Task prompt
Extract from the entries below, exactly as given, only the lines from the line containing "T-shirt STEDMAN niebieski" to the line containing "Team Накопичувач SSD", both lines included.

___ Records shown ___

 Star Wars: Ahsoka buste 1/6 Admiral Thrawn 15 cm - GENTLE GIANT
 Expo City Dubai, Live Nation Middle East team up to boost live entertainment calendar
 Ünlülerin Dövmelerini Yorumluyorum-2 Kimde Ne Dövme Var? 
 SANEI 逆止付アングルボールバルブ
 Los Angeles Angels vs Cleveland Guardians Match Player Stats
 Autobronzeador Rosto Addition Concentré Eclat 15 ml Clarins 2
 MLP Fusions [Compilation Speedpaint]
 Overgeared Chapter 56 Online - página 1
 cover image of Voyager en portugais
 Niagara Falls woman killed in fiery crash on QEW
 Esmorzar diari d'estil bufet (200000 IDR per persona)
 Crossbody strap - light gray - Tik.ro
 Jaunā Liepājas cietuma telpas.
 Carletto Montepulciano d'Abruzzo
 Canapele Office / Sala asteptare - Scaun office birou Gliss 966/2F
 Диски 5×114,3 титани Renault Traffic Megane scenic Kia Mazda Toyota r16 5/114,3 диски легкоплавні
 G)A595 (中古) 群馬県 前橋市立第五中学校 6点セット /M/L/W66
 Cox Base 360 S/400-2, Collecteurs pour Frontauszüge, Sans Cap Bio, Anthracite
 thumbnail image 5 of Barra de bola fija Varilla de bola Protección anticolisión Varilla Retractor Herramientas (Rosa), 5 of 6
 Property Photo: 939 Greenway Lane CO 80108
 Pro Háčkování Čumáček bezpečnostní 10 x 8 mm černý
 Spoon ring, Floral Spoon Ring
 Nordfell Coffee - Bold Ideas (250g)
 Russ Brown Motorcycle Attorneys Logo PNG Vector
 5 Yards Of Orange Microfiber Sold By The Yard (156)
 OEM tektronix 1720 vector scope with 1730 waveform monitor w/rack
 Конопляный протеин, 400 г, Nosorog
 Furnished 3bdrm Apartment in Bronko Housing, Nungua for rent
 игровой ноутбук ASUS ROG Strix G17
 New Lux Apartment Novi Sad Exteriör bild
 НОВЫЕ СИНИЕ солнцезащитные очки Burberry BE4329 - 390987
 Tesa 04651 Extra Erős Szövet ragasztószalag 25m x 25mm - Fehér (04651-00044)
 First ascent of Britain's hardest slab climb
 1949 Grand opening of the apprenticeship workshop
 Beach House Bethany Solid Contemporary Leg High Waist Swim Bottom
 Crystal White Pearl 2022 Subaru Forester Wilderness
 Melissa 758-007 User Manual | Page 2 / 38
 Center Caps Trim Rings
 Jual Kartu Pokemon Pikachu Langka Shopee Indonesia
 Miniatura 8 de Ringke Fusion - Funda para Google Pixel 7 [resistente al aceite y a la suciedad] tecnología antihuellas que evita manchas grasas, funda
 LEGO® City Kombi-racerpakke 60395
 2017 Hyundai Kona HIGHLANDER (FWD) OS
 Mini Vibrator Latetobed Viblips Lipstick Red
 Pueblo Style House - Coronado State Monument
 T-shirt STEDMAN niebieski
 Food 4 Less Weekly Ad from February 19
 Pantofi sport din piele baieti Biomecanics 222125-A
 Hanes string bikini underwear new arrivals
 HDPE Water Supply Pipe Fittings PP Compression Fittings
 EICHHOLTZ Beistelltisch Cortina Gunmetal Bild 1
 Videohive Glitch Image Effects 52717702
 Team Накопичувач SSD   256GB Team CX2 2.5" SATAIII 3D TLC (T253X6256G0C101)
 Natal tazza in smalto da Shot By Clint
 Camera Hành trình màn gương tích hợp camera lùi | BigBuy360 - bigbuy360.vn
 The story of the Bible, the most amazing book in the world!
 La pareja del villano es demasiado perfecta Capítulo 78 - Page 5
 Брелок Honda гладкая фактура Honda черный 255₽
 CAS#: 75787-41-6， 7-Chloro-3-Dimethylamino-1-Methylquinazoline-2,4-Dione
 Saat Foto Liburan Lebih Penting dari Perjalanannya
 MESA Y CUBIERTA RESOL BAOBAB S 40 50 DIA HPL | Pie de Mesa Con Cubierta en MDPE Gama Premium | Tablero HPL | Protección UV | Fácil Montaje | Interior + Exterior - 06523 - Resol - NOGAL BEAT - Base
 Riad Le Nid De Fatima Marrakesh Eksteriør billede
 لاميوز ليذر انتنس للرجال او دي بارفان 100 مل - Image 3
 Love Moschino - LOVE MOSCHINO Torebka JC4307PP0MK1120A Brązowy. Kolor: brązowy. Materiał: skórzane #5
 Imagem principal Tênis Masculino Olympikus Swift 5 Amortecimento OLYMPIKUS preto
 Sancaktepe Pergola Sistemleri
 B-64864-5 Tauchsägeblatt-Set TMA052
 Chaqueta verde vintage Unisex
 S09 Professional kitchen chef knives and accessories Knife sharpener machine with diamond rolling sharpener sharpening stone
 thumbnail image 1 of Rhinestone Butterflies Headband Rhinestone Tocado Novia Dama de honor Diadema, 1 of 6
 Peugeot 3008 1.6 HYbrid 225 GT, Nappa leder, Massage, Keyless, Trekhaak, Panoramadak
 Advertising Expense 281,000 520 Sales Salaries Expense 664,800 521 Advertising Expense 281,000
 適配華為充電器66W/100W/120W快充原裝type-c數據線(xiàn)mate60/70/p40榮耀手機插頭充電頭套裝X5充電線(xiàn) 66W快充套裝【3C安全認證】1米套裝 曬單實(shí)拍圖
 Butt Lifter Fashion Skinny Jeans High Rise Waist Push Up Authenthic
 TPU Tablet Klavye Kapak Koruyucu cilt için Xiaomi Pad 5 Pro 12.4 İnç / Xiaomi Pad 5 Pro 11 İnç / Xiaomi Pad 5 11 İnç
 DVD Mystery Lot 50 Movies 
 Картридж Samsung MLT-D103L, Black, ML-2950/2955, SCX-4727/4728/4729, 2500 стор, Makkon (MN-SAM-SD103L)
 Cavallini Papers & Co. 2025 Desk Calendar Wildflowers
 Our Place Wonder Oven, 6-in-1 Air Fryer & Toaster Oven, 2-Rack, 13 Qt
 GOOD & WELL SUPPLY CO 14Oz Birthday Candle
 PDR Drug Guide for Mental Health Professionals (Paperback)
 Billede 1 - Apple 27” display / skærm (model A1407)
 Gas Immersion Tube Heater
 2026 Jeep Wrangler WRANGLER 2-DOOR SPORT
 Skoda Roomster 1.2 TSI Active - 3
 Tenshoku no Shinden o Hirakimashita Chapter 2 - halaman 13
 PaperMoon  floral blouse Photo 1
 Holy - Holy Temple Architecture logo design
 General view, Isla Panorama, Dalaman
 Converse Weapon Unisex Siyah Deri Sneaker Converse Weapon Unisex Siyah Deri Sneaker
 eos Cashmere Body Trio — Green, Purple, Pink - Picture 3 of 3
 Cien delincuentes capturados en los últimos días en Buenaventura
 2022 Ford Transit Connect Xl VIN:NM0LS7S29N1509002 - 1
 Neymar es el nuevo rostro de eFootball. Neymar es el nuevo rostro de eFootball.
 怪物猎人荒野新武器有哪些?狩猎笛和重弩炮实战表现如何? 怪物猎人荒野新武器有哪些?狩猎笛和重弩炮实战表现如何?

___

Worked solution
 T-shirt STEDMAN niebieski
 Food 4 Less Weekly Ad from February 19
 Pantofi sport din piele baieti Biomecanics 222125-A
 Hanes string bikini underwear new arrivals
 HDPE Water Supply Pipe Fittings PP Compression Fittings
 EICHHOLTZ Beistelltisch Cortina Gunmetal Bild 1
 Videohive Glitch Image Effects 52717702
 Team Накопичувач SSD   256GB Team CX2 2.5" SATAIII 3D TLC (T253X6256G0C101)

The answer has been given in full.